Tale conclusione non può essere modificata neppure in base alle censure sollevate nelle premesse del ricorso circa l’asserita nullità, inefficacia o illegittimità dell’art. 7 del contratto, oggetto di riserva da parte del ricorrente. La disposizione in questione non rientra, infatti, tra le tassative ipotesi contemplate dall’art. 1341 cod.civ. fermo  restando che per constante orientamento giurisprudenziale la conclusione del contratto per atto pubblico vale ad escludere la necessità di approvazione scritta delle clausole vessatorie. Al contempo la norma pattizia oggetto della vertenza non può considerarsi ricompresa nell’alveo delle clausole vessatorie, di cui l’art. 33 del D.Lgs. 6 settembre 2005, n. 206 commina la nullità.

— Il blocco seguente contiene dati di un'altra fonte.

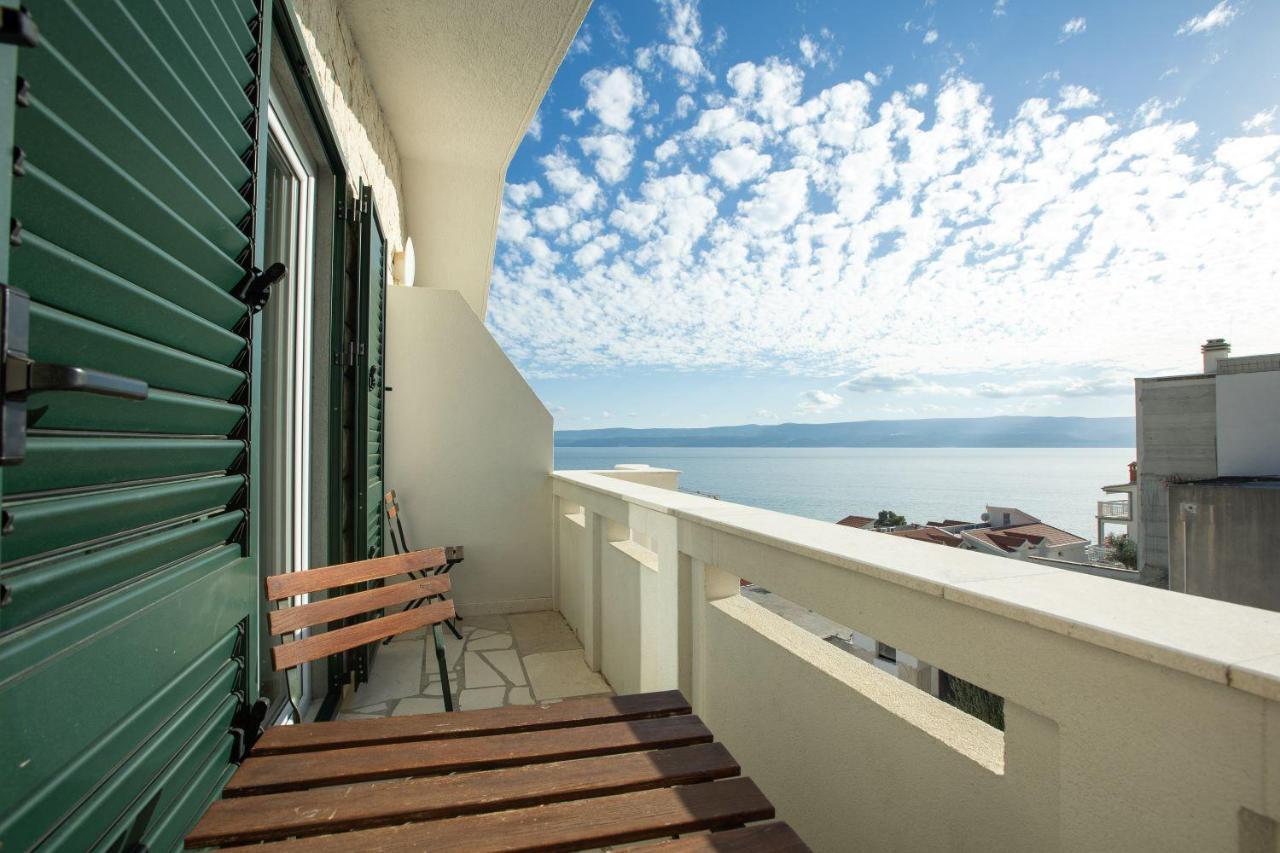 Apartments Mosor Omis Bagian luar foto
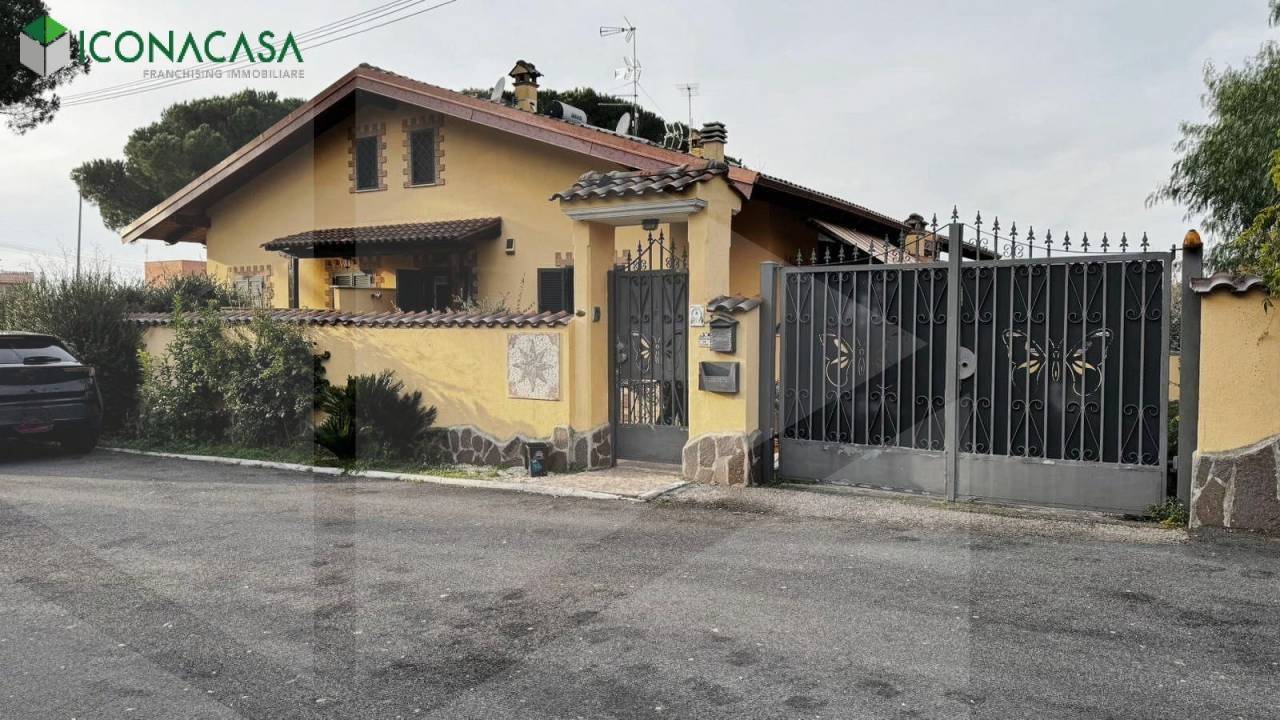 3 bedrooms Villa in Rome, Italy No. 22981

Come più sopra accennato non ci si può tuttavia esimere dal rilevare come la disposizione oggetto di contestazione (ma, per molti aspetti, le medesime considerazioni sono destinate a valere anche con riferimento ai citati artt. 4 e 7
bis) risulti oscura e di difficile interpretazione per il mutuatario.
Significativa la circostanza che la medesima tipologia contrattuale e, nello specifico, la medesima clausola (comunque intitolata o numerata) di cui si controverte nel presente procedimento, abbiano costituito oggetto, per analoghe ragioni, di vertenze in precedenza deferite all’Arbitro Bancario Finanziario da altri soggetti nei riguardi della medesima intermediaria. Ciò porta a ritenere che in linea generale la disposizione in esame non risulti essere stata adeguatamente valutata e percepita dai clienti. Anzi è la natura stessa del contratto di mutuo indicizzato ad una valuta estera (ancor prima che la singola disposizione) a non essere stata all’evidenza soppesata dai mutuatari, i quali non ne hanno inteso il carattere aleatorio messo in luce dalla giurisprudenza (cfr. Trib. Torino 15 ottobre 1996, Trib. Pescara 24 gennaio 1997, Trib. Napoli 1° marzo 1997, Trib. Roma 1° aprile 1997).

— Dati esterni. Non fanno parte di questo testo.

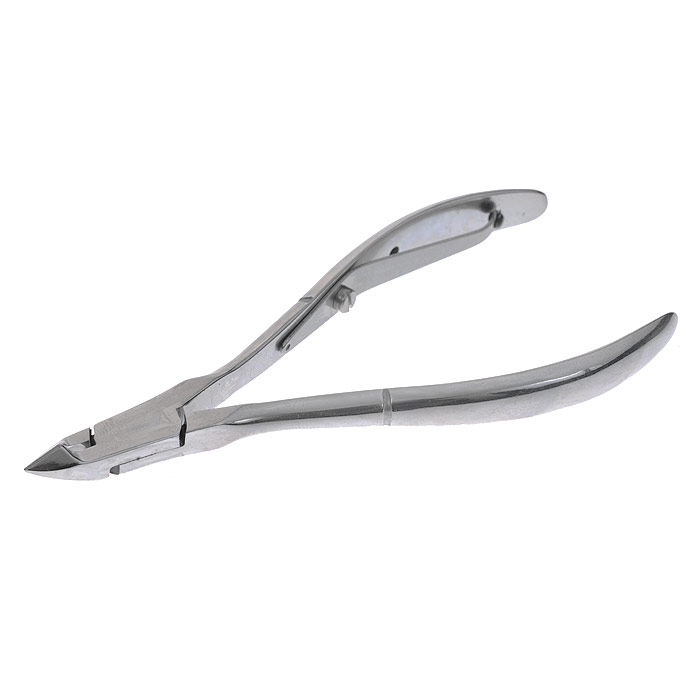 Zwilling Кусачки для кутикулы Inox. 42561-10142561-101 Zwilling Кусачки для кутикулы Inox. 42561-10142561-101Кусачки для кутикулы Zwilling Inox предназначены для удаления кутикулы и заусенец. Изготовлены из высококачественной нержавеющей стали. Перед обработкой размягчите кожу вокруг ногтя в теплой воде, масляной эмульсии или мыльном растворе. Уход: Инструмент предохранять от падения на пол. Использовать только по назначению! Время от времени смазывать чистым маслом область соединения кусачек. Не рекомендуется хранить во влажных помещениях. Затачивать у специалиста. Хранить в недоступном для детей месте. Характеристики: Материал: нержавеющая сталь. Длина кусачек для кутикулы: 9,5 см. Размер упаковки (ДШВ): 18 см х 7 см х 1,5 см. Производитель: Германия. Артикул: 42561-101. Товар сертифицирован.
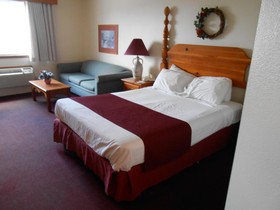 Days Inn & Suites by Wyndham Williamsburg IA North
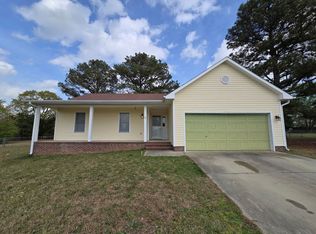 5285 Marvin Dr, Spring Lake, NC 28390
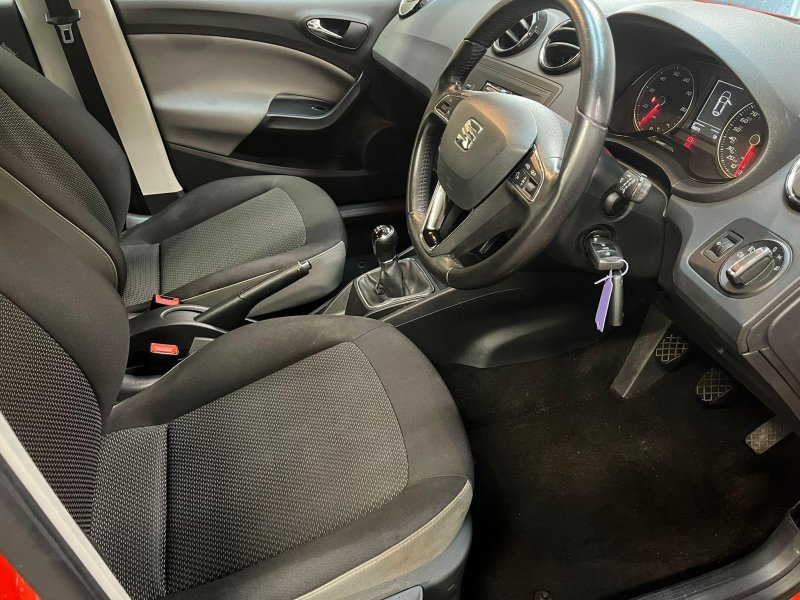 SEAT IBIZA
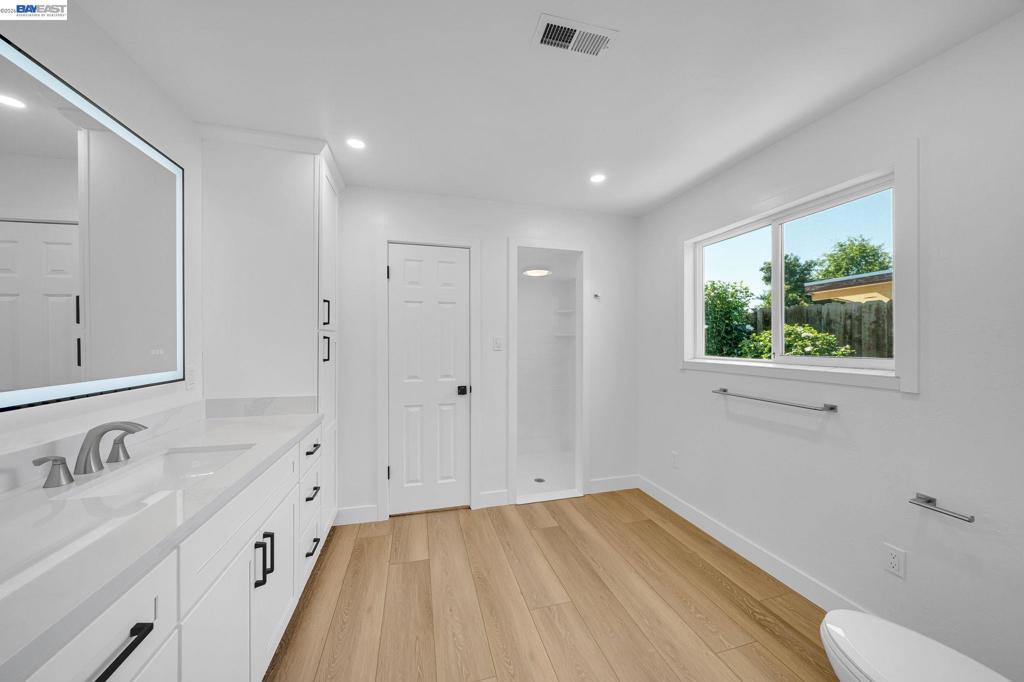 443 Colusa Way Property Photo 18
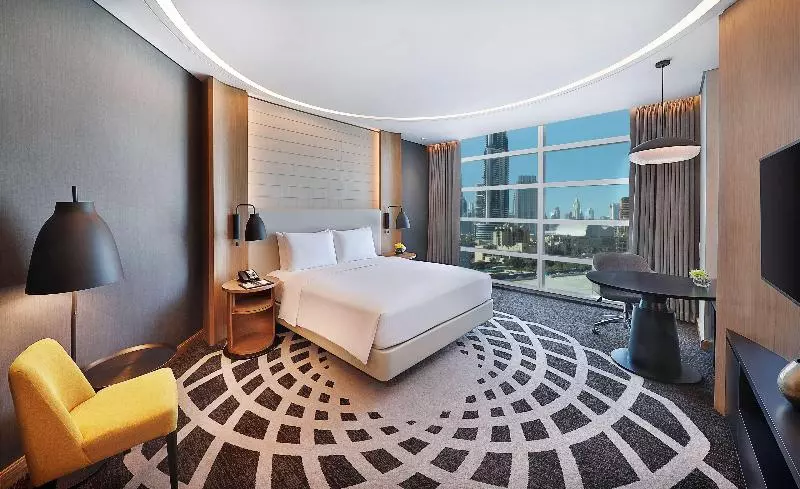 اتاق استاندارد با تخت بزرگ برای معلولان, Doubletree By Hilton Dubai  Business Bay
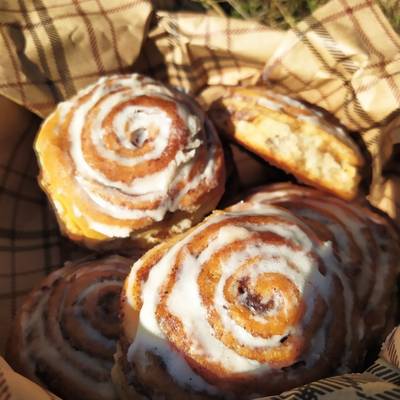 Булочки с корицей с сливочным кремом: Булочки Синнабон (CINNABON): рецепт домашний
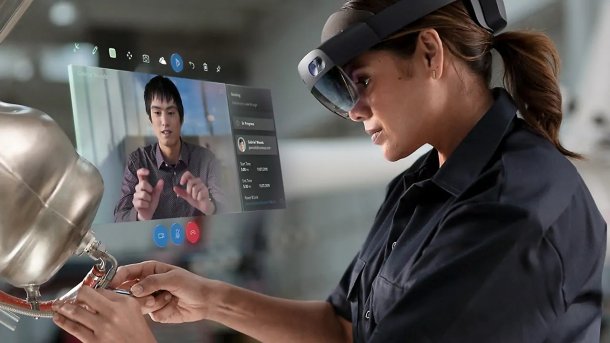 Frau arbeitet mit Headset an einem Gerät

Pur non essendo stata versata agli atti la documentazione attinente alla fase precontrattuale, e in particolare il foglio informativo, si rileva come non risultino raggiunte quelle finalità, che, altresì prima dell’emanazione del D.Lgs. 13 agosto 2010, n. 141, le norme in tema di trasparenza si propongono di conseguire, ossia un’adeguata informativa
dei possibili clienti allo scopo, in primo luogo, di metterli in grado di compiere una scelta consapevole, optando tra le possibili alternative esistenti. Peraltro, anche l’unica contabile agli atti, quella finale, non fornisce una chiara giustificazione delle diverse voci riportate e soprattutto della quantificazione dei relativi importi.

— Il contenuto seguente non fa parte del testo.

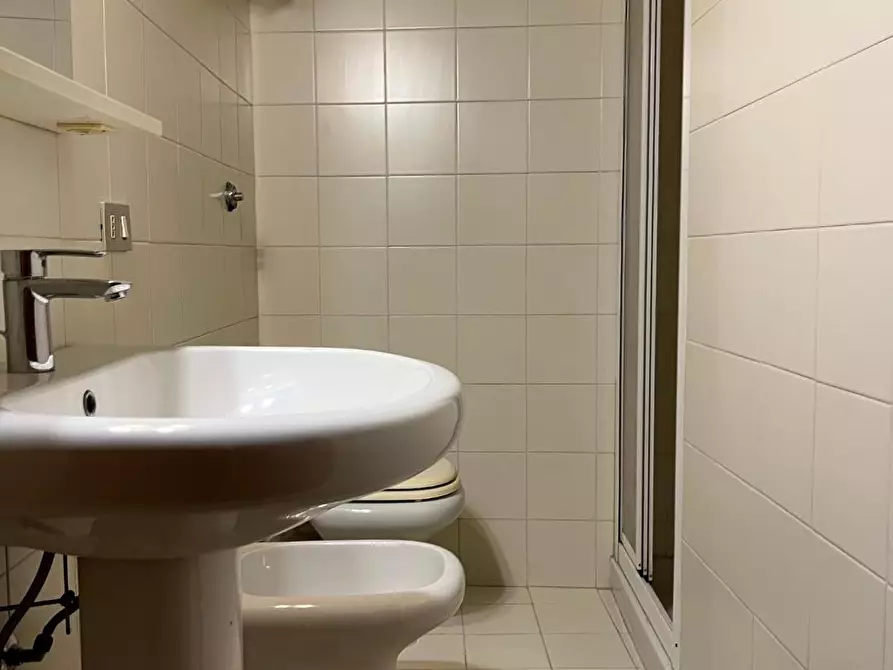 Immagine 19 di Appartamento in affitto  a Pisa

A maggior ragione ove il cliente sia un consumatore, si dovrà fornire e garantire un’adeguata informativa, secondo quanto impongono non solo le norme codicistiche e il D.Lgs. n. 385 del 1993 (ossia il Testo Unico Bancario), ma anche il D.Lgs. n. 206 del 2005 (e cioè il Codice del Consumo), i cui principi generali, quali sanciti dal relativo art. 2, valgono, da un lato, a rafforzare i diritti contemplati da altre disposizioni di legge, fornendone, altresì, una particolare chiave ermeneutica e interpretativa, e, dall’altro, a colmare le lacune che nella tutela dei consumatori possono residuare da differenti, più specifiche previsioni normative.
Tale esigenza deve essere a maggior ragione tutelata a fronte di contratti quali quello in esame, che presentano rilevanti analogie ed elementi di contatto con alcuni rapporti di natura finanziaria.
Associandosi all’invito già in precedenza formulato dal Collegio di Roma (con la decisione n. 1302 del 2010) di garantire maggiore trasparenza delle condizioni contrattuali, questo Collegio, avvalendosi della facoltà di formulare indicazioni utili a migliorare le relazioni tra le banche e la clientela, auspica quindi a sua volta che sia dell’informativa precontrattuale che nella formulazione delle clausole del contratto gli intermediari curino l’effettiva
comprensibilità, anche da parte di soggetti non esperti, della caratteristiche e dei rischi tipici delle operazioni che si apprestano a formalizzare e delle conseguenze che ne possono derivare.
P.Q.M.
Il Collegio non accoglie il ricorso.
Il Collegio delibera, altresì, di rivolgere all’intermediario, ai sensi di cui in motivazione, indicazioni utili a favorire le relazioni con la clientela.